## Your instructions:
Return every line of the records, exact and in full, until you have returned the line with "Basket, la Reale", and include none of the pictures.

## Data records:
━━━
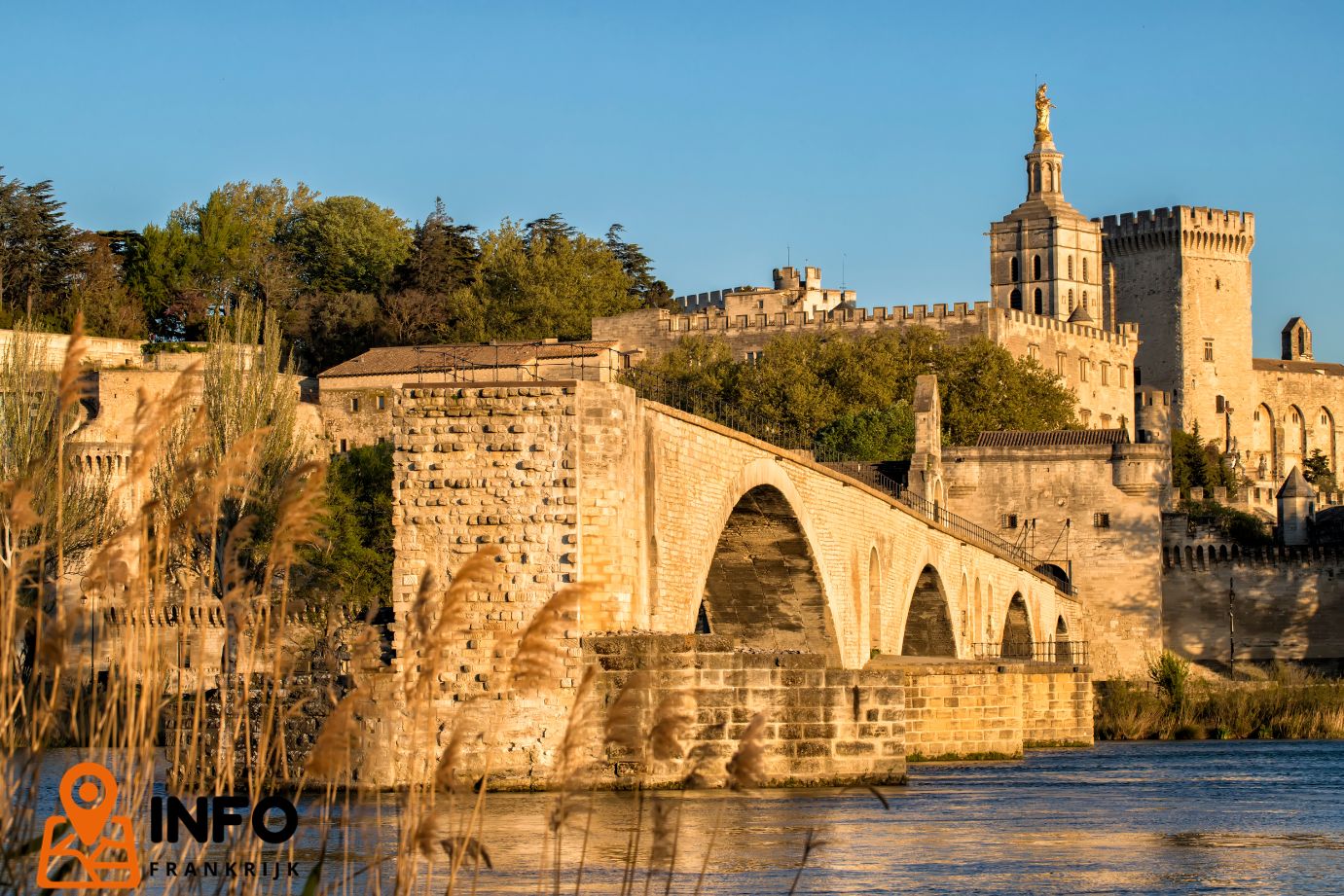 Avignon: De stad van pausen en bruggen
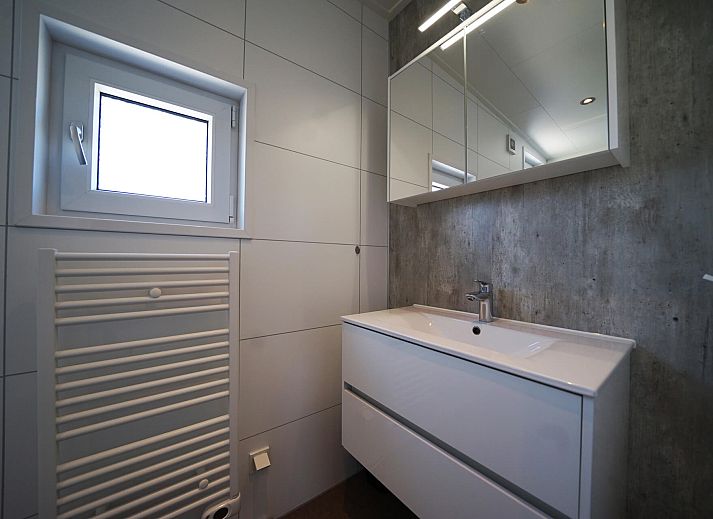 Modern bathroom in the detached house in Kampen, Overijssel, equipped with double sink and spacious mirror.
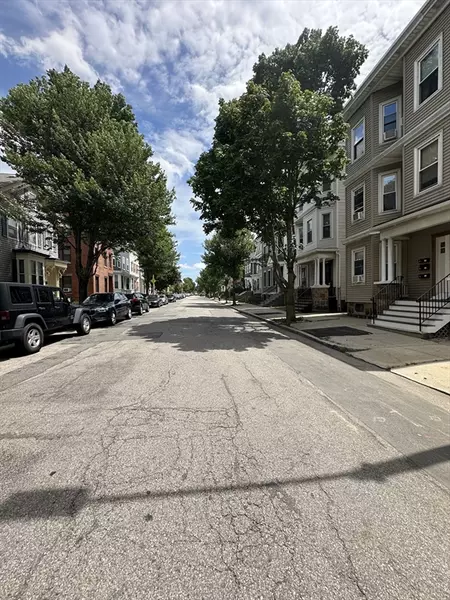 575 East 8th Street #1, Boston, MA 02127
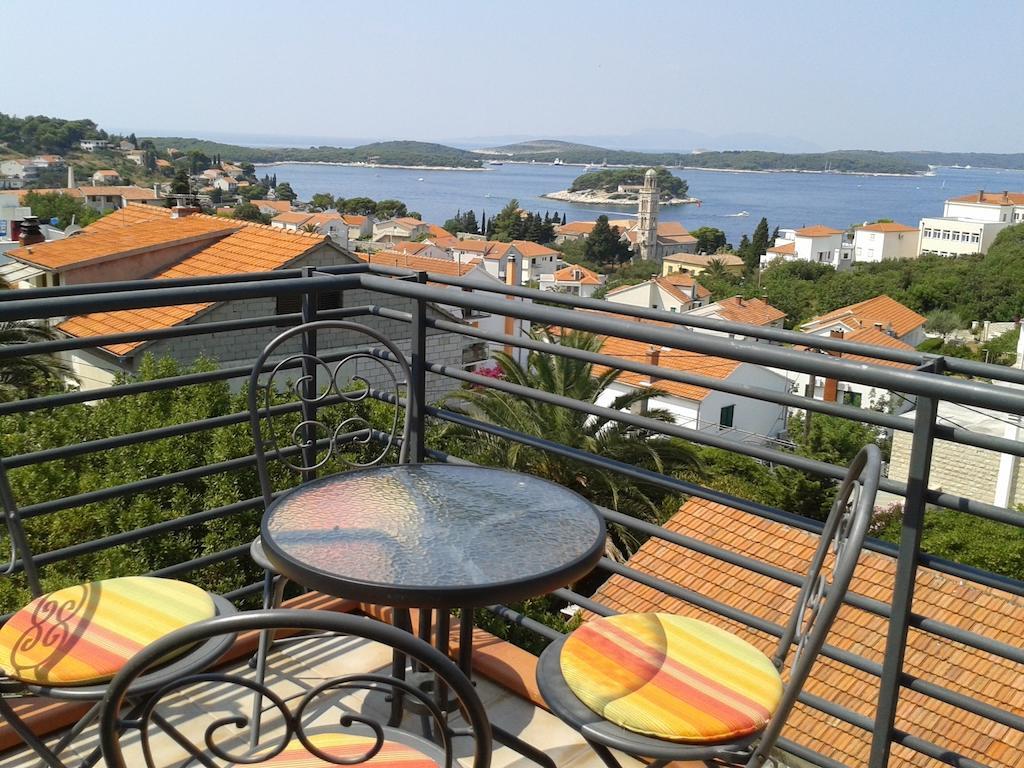 Apartment On Hvar Island Хвар Стая снимка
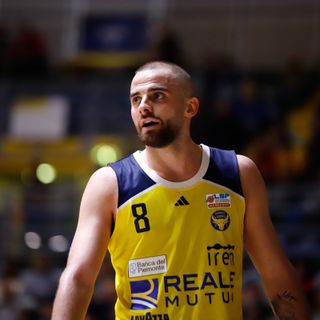 Basket, la Reale Mutua rinnova fino al 2026 con Matteo Schina
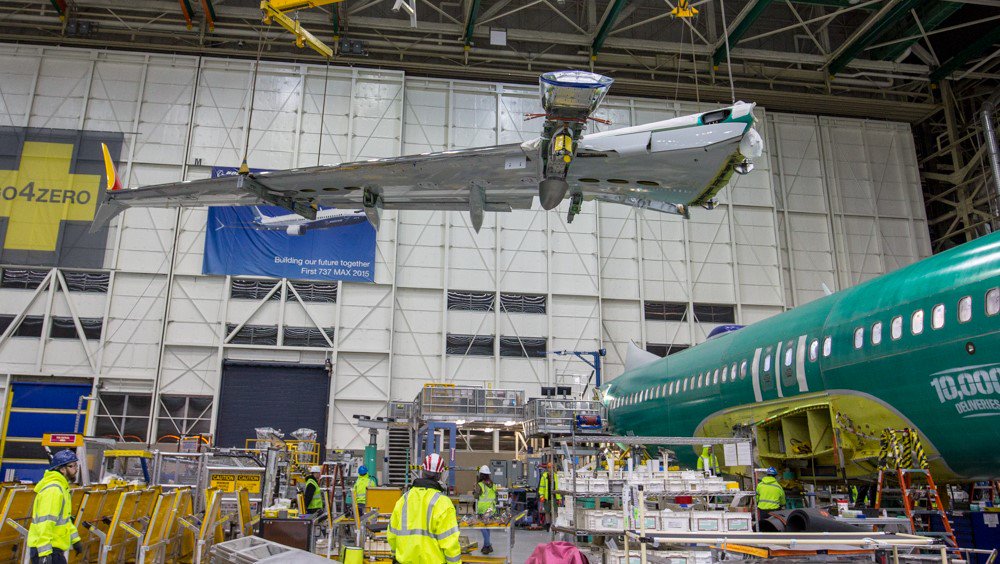 HANGARX's tweet image. El @BoeingAirplanes 737 Nº 10.000 ya tiene sus alas y será presentado muy pronto! #737MAX #ThinkMAX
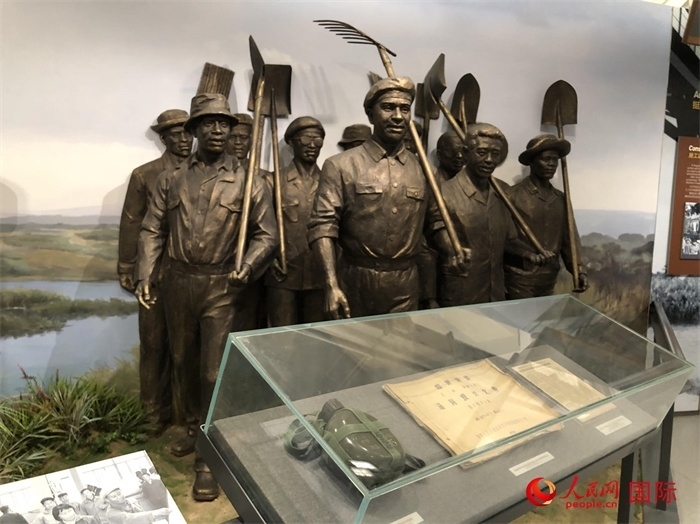 紀念園中展覽的筑路場景 。人民網(wǎng)記者 黃培昭攝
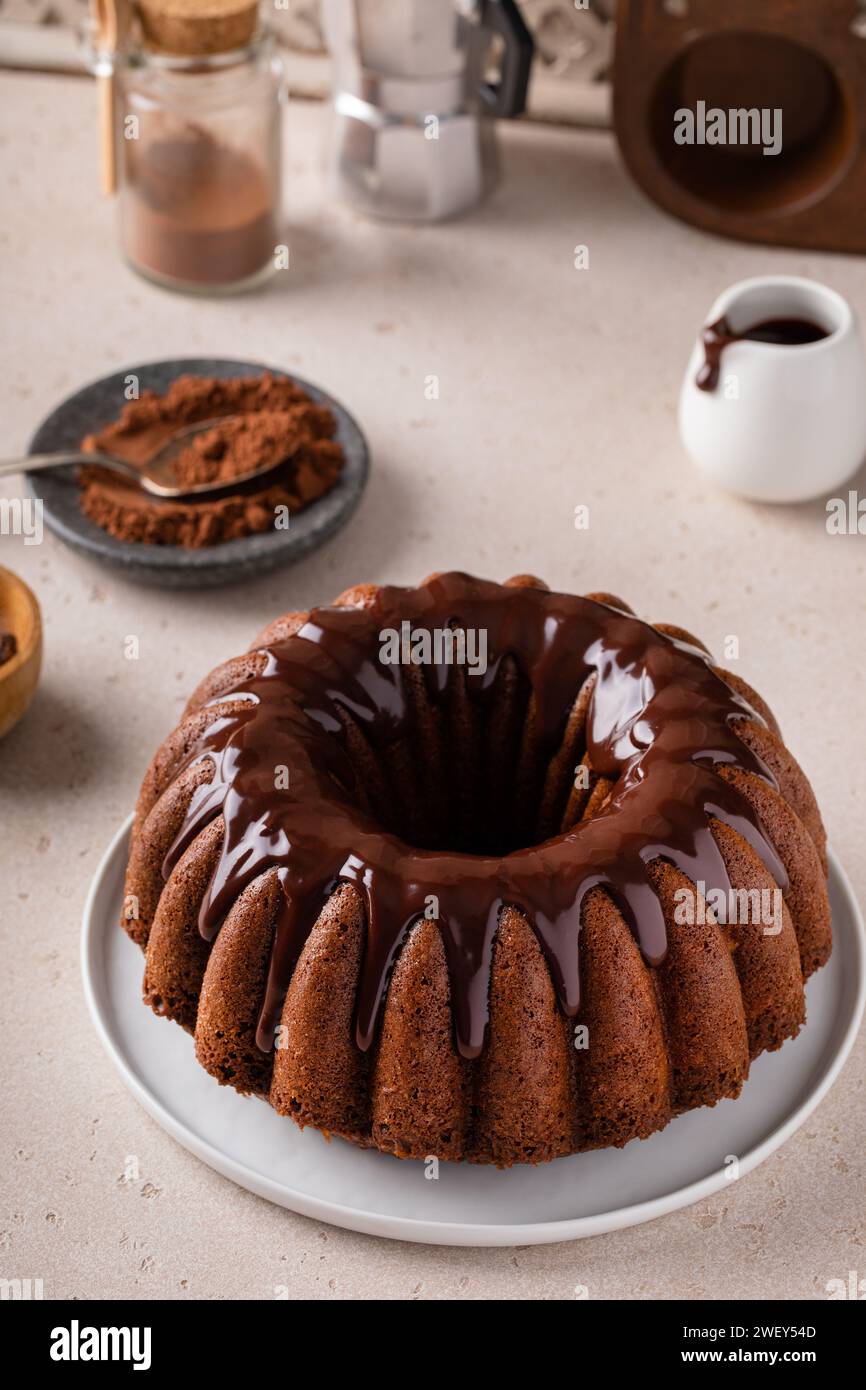 Schokoladenmarmorkuchen mit Schokoladenganache in einer Pfanne, Dessert-Idee Stockfoto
━━━
## Finished exercise:
 Avignon: De stad van pausen en bruggen
 Modern bathroom in the detached house in Kampen, Overijssel, equipped with double sink and spacious mirror.
 575 East 8th Street #1, Boston, MA 02127
 Apartment On Hvar Island Хвар Стая снимка
 Basket, la Reale Mutua rinnova fino al 2026 con Matteo Schina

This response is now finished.